Cryptic variation between species and the basis of hybrid performance

Abstract

Crosses between closely related species give two contrasting results. One result is that species hybrids may be inferior to their parents, for example, being less fertile [1]. The other is that F1 hybrids may display superior performance (heterosis), for example with increased vigour [2]. Although various hypotheses have been proposed to account for these two aspects of hybridisation, their biological basis is still poorly understood [3]. To gain further insights into this issue, we analysed the role that variation in gene expression may play. We took a conserved trait, flower asymmetry in Antirrhinum, and determined the extent to which the underlying regulatory genes varied in expression among closely related species.
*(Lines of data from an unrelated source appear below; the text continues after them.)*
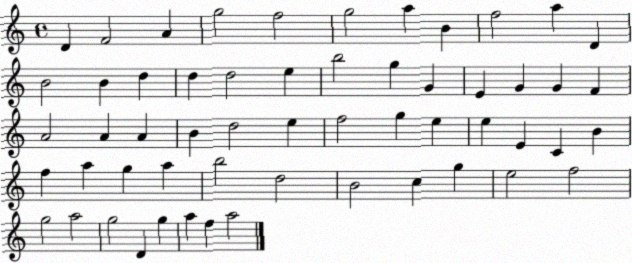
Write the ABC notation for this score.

X:1
T:Untitled
M:4/4
L:1/4
K:C
D F2 A g2 f2 g2 a B f2 a D B2 B d d d2 e b2 g G E G G F A2 A A B d2 e f2 g e e E C B f a g a b2 d2 B2 c g e2 f2 g2 a2 g2 D g a f a2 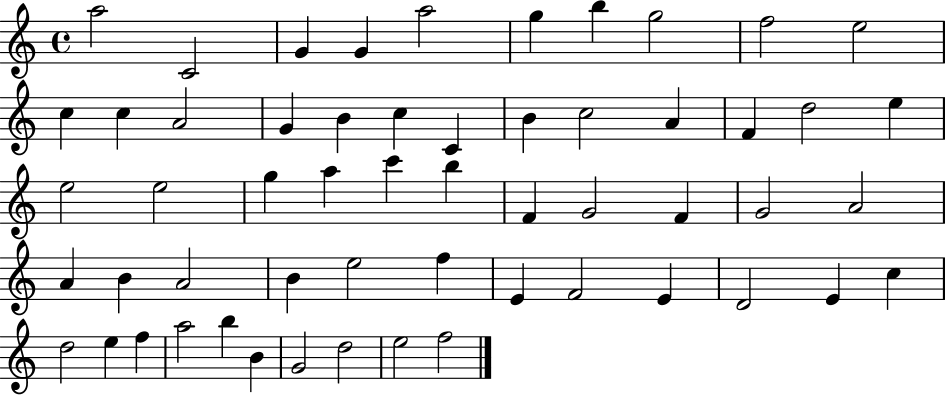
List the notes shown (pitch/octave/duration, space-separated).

A5/h C4/h G4/q G4/q A5/h G5/q B5/q G5/h F5/h E5/h C5/q C5/q A4/h G4/q B4/q C5/q C4/q B4/q C5/h A4/q F4/q D5/h E5/q E5/h E5/h G5/q A5/q C6/q B5/q F4/q G4/h F4/q G4/h A4/h A4/q B4/q A4/h B4/q E5/h F5/q E4/q F4/h E4/q D4/h E4/q C5/q D5/h E5/q F5/q A5/h B5/q B4/q G4/h D5/h E5/h F5/h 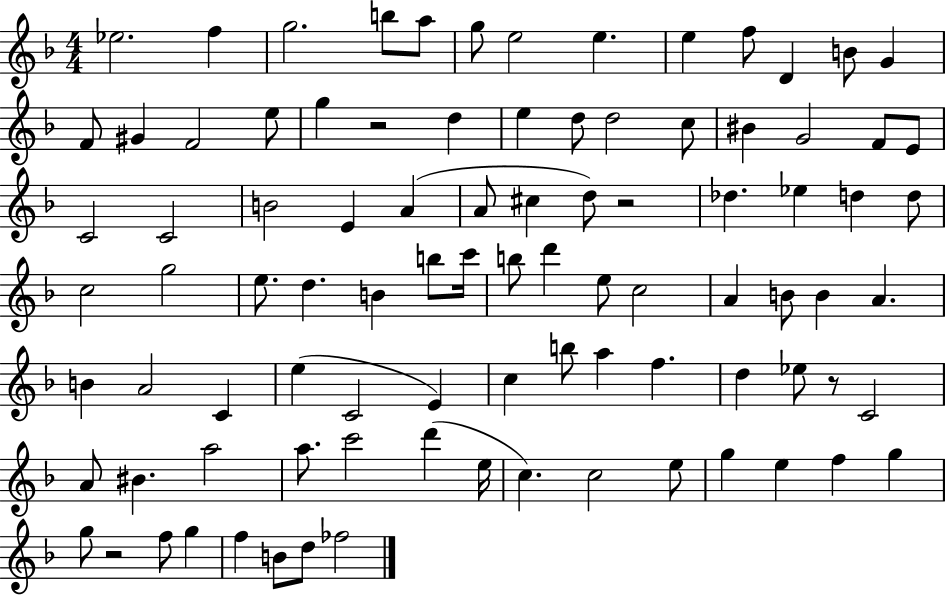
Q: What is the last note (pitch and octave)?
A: FES5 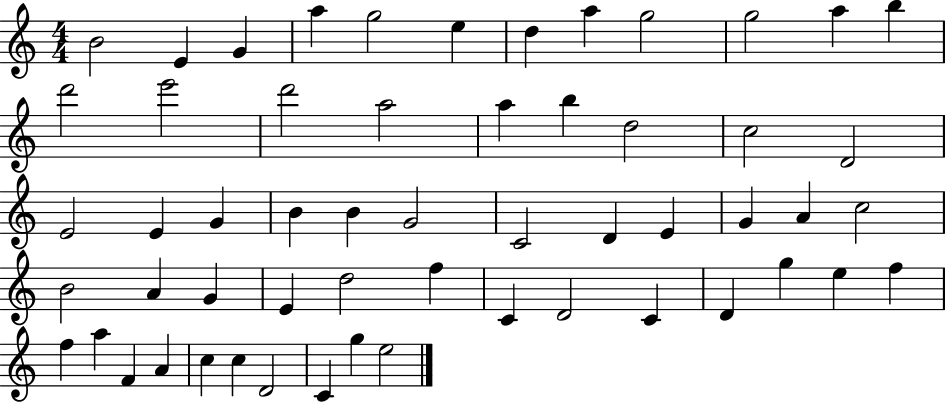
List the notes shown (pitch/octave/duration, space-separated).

B4/h E4/q G4/q A5/q G5/h E5/q D5/q A5/q G5/h G5/h A5/q B5/q D6/h E6/h D6/h A5/h A5/q B5/q D5/h C5/h D4/h E4/h E4/q G4/q B4/q B4/q G4/h C4/h D4/q E4/q G4/q A4/q C5/h B4/h A4/q G4/q E4/q D5/h F5/q C4/q D4/h C4/q D4/q G5/q E5/q F5/q F5/q A5/q F4/q A4/q C5/q C5/q D4/h C4/q G5/q E5/h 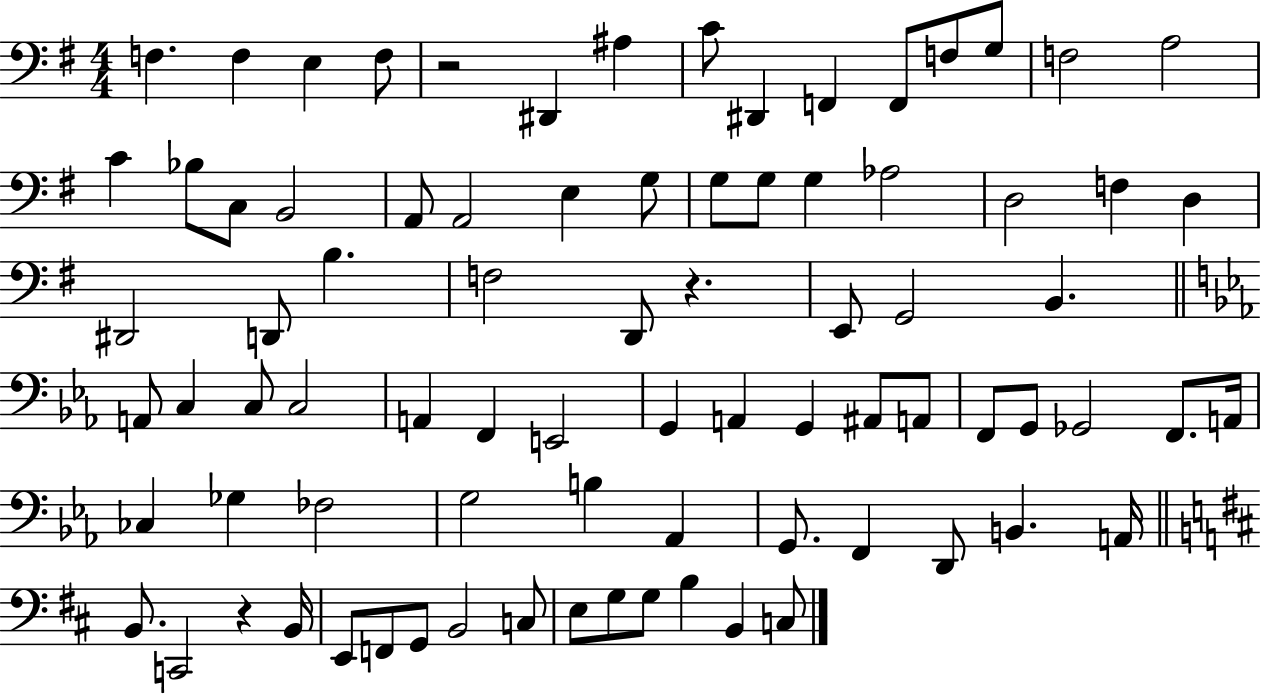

We show that expression of both genes analysed, CYC and RAD, varies significantly between species because of cis-acting differences. By making a quantitative genotype-phenotype map, using a range of mutant alleles, we demonstrate that the species lie on a plateau in gene expression-morphology space, so that the variation has no detectable phenotypic effect. However, phenotypic differences can be revealed by shifting genotypes off the plateau through genetic crosses. Our results can be readily explained if genomes are free to evolve within an effectively neutral zone in gene expression space. The consequences of this drift will be negligible for individual loci, but when multiple loci across the genome are considered, we show that the variation may have significant effects on phenotype and fitness, causing a significant drift load. By considering these consequences for various gene-expression-fitness landscapes, we conclude that F1 hybrids might be expected to show increased performance with regard to conserved traits, such as basic physiology, but reduced performance with regard to others. Thus, our study provides a new way of explaining how various aspects of hybrid performance may arise through natural variation in gene activity.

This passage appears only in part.